### Data excerpt

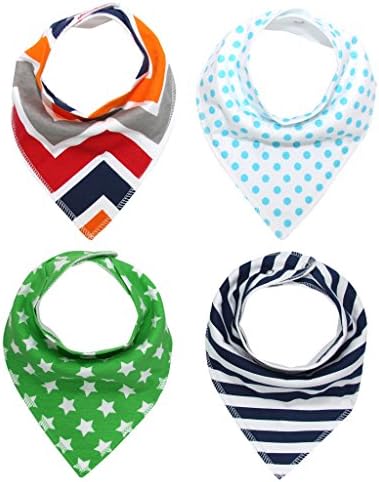 Neufashion Baby Bandana Drool Bibs Scarves Unisex 4 Pack Gift Set for Teething and Drooling, 100% Organic Cotton, Soft and Absorbent for Girls Boys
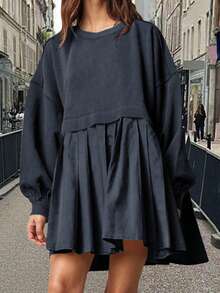 女士秋冬圆领套头长袖运动连衣裙褶皱拼接运动衫连衣裙 - 藏蓝色 - 查看 1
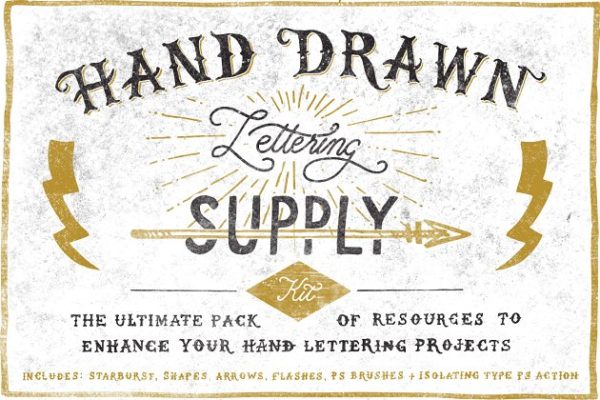 手绘字体设计素材包 Hand Drawn Lettering Supply Kit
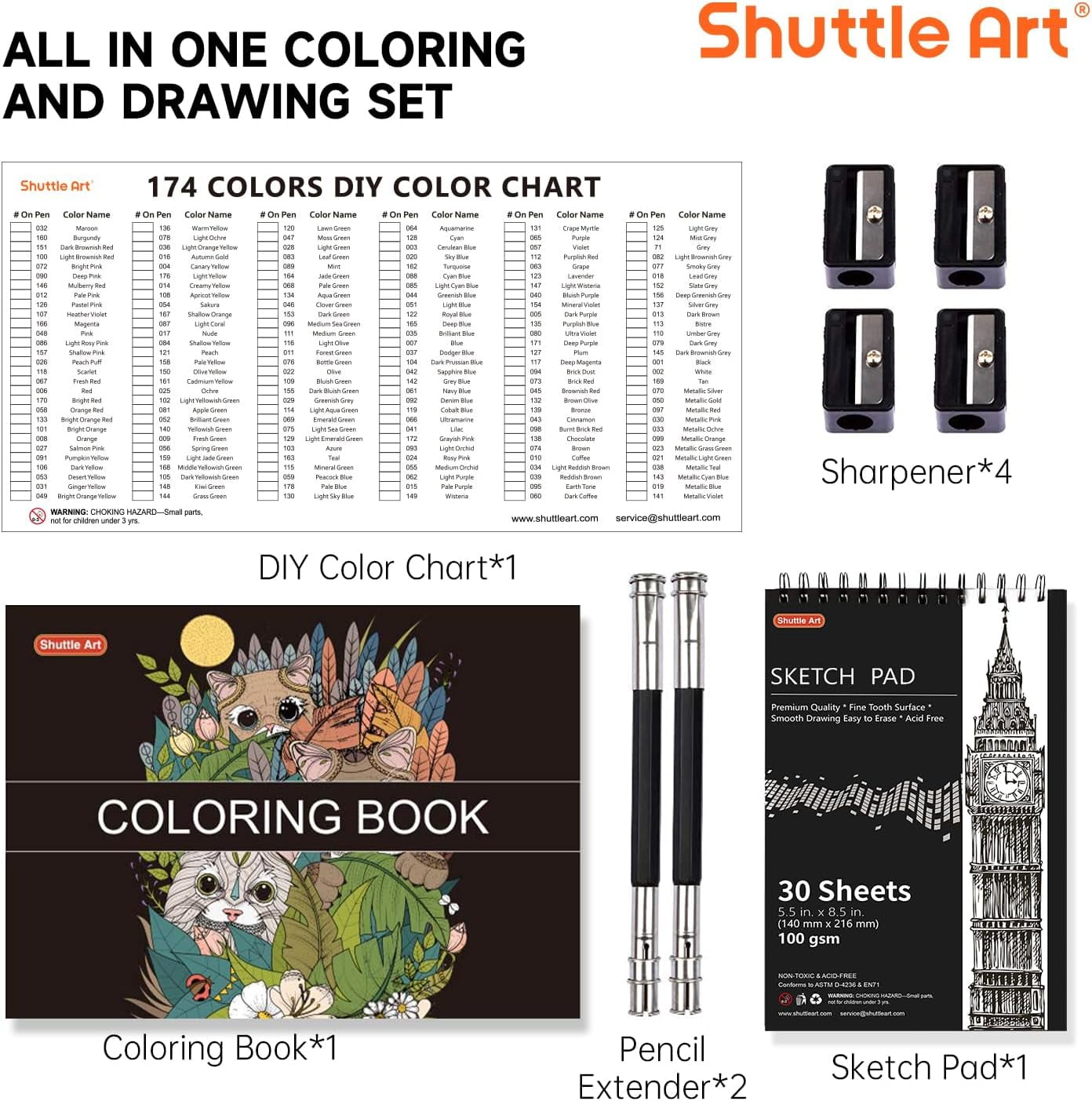 174 Colors Professional Colored Pencils, Shuttle Art Soft Core Coloring Pencils Set with 1 Coloring Book,1 Sketch Pad, 4 Sharpener, 2 Pencil Extender, Perfect for Artists Kids Adults Coloring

### Assignment
Please transcribe each line above exactly, but leave the images out.

### Task answer
 Neufashion Baby Bandana Drool Bibs Scarves Unisex 4 Pack Gift Set for Teething and Drooling, 100% Organic Cotton, Soft and Absorbent for Girls Boys
 女士秋冬圆领套头长袖运动连衣裙褶皱拼接运动衫连衣裙 - 藏蓝色 - 查看 1
 手绘字体设计素材包 Hand Drawn Lettering Supply Kit
 174 Colors Professional Colored Pencils, Shuttle Art Soft Core Coloring Pencils Set with 1 Coloring Book,1 Sketch Pad, 4 Sharpener, 2 Pencil Extender, Perfect for Artists Kids Adults Coloring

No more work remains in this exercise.